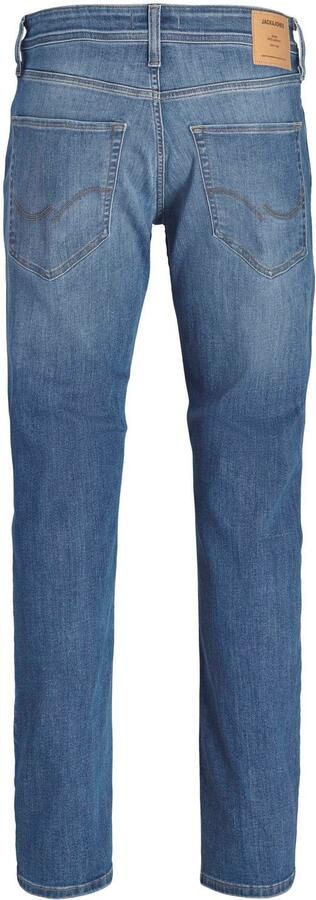 JACK & JONES JEANS INTELLIGENCE regular fit jeans blue denim - Foto 3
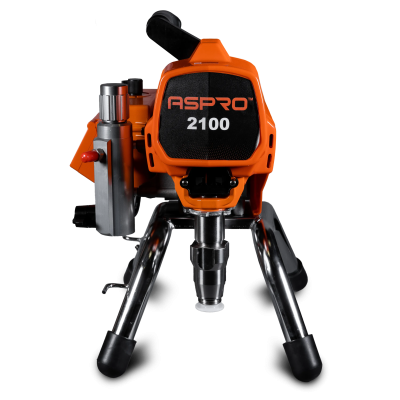 Поршневой окрасочный аппарат ASPRO 2100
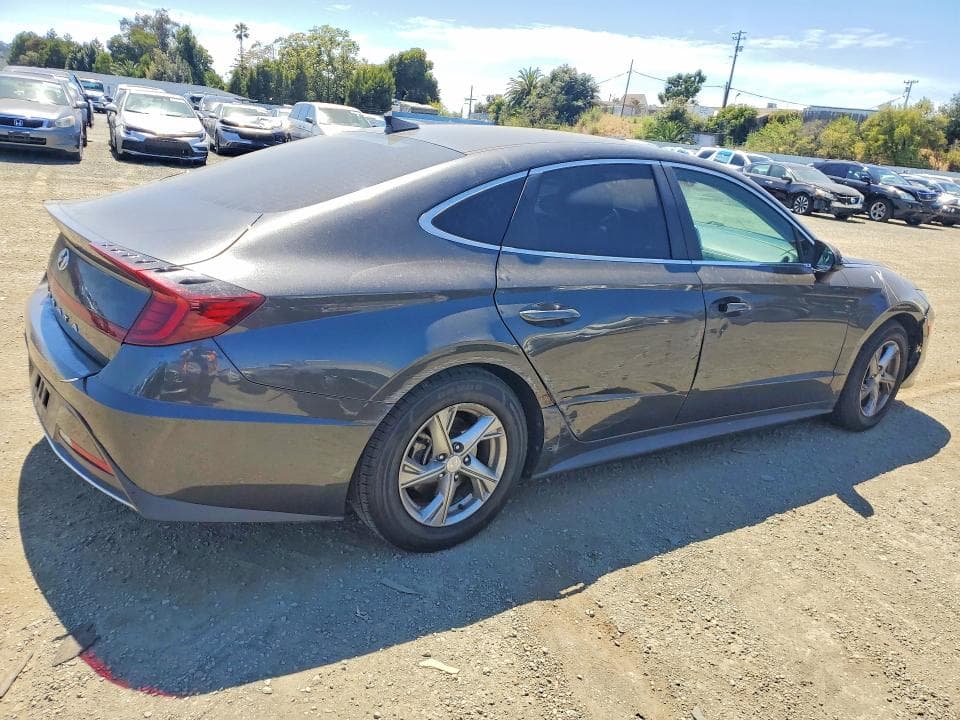 2021 HYUNDAI SONATA SE 3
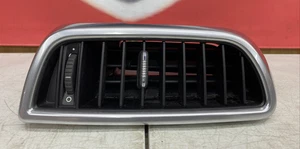 2013 PORSCHE CAYENNE TURBO 958 FRONT DRIVER SIDE CENTER AIR DUCT 7P5819727B - Picture 1 of 12
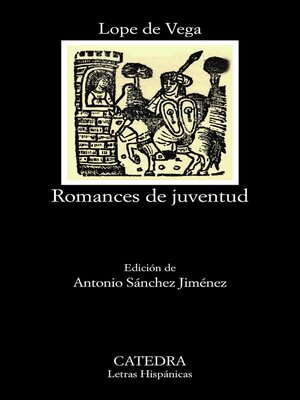 cover image of Romances de juventud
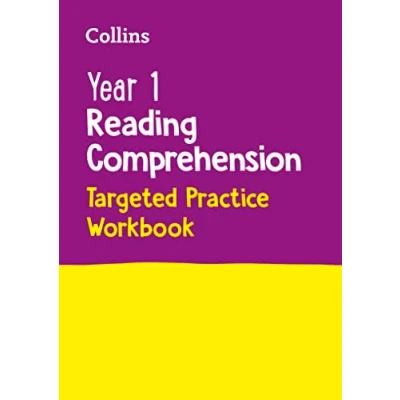 Afbeelding van Collins Year 1 Reading Comprehension Targeted Practice Workbook: Ideal for Use at Home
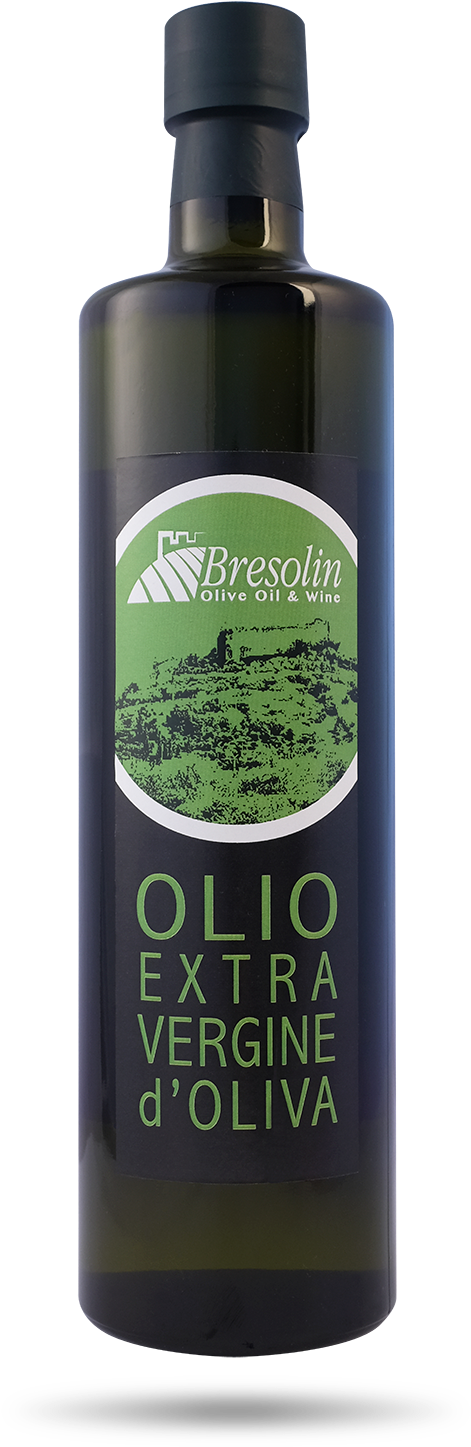 Extra Virgin Olive Oil Bottle PNG image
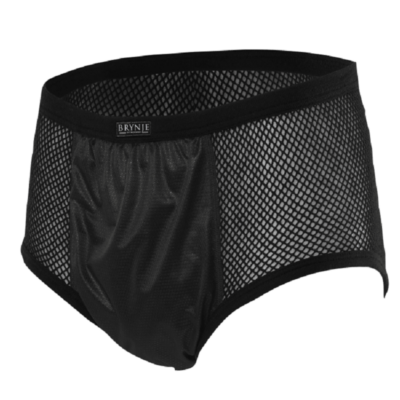 Brynje super thermo hipster w/windcover front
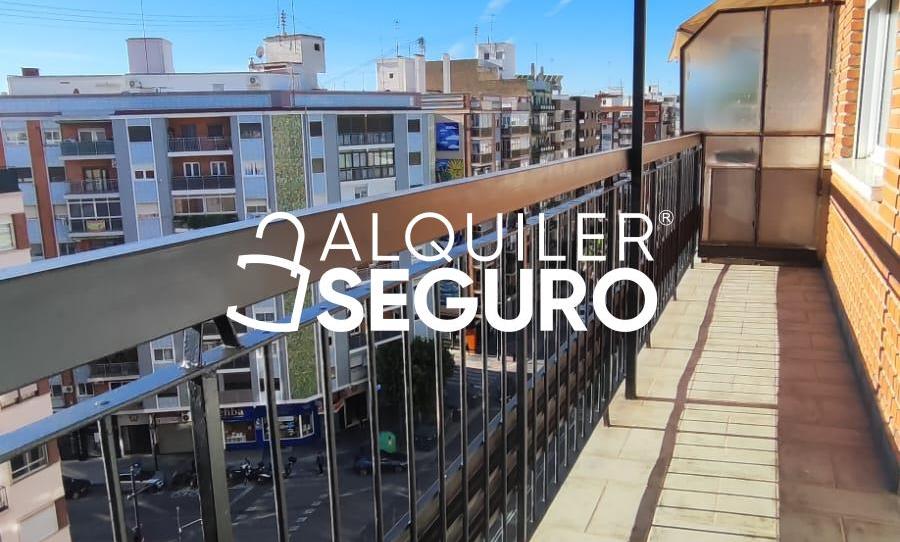 Foto 1 de Pis de lloguer a Peris y Valero, Russafa, Valencia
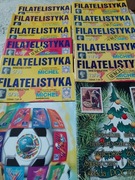 Filatelistyka rok 1998 komplet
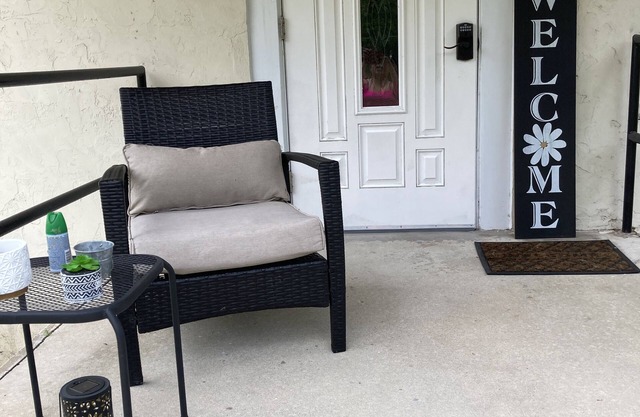 The Private Quarters/ NO PETS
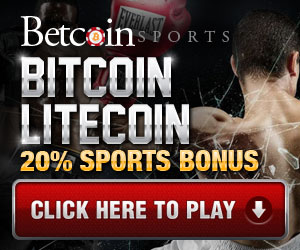 Bitcoin sports betting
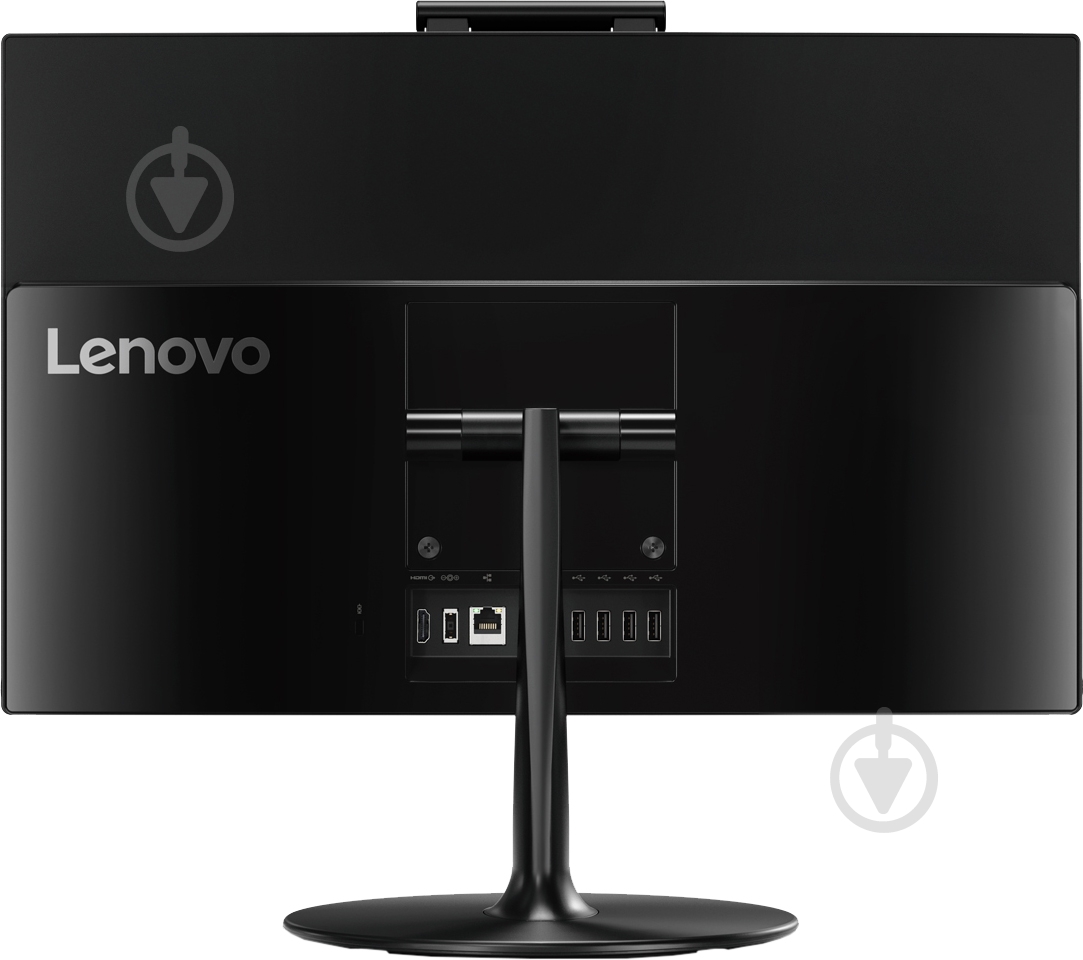 Моноблок Lenovo V410z 21.5" (10R50007UC) black - фото 8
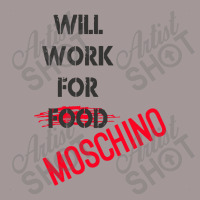 Will Work For Food Vintage Hoodie | Artistshot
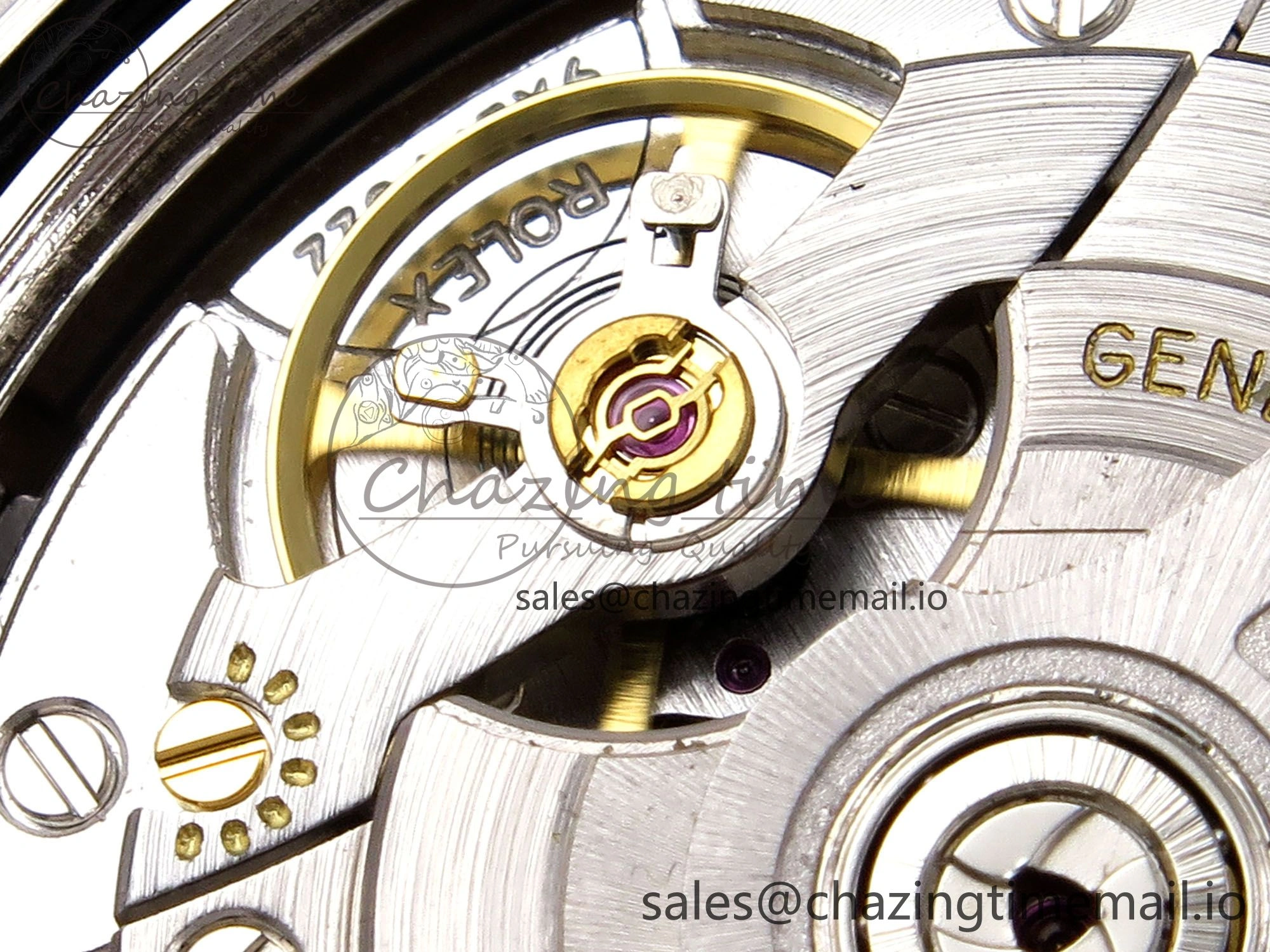 DateJust 41 126331 ARF 1:1 Best Edition 904L Steel RG Dial on SS RG Oyster Bracelet SH3235（Gain Weight） Bright 1100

○ ○ ○ ○ ○ ○ ○

### Assignment
Quote exactly, and only, the lines from the line containing "Will Work For" through the final line of the records above, both included, omitting any pictures.

### Written solution
 Will Work For Food Vintage Hoodie | Artistshot
 DateJust 41 126331 ARF 1:1 Best Edition 904L Steel RG Dial on SS RG Oyster Bracelet SH3235（Gain Weight） Bright 1100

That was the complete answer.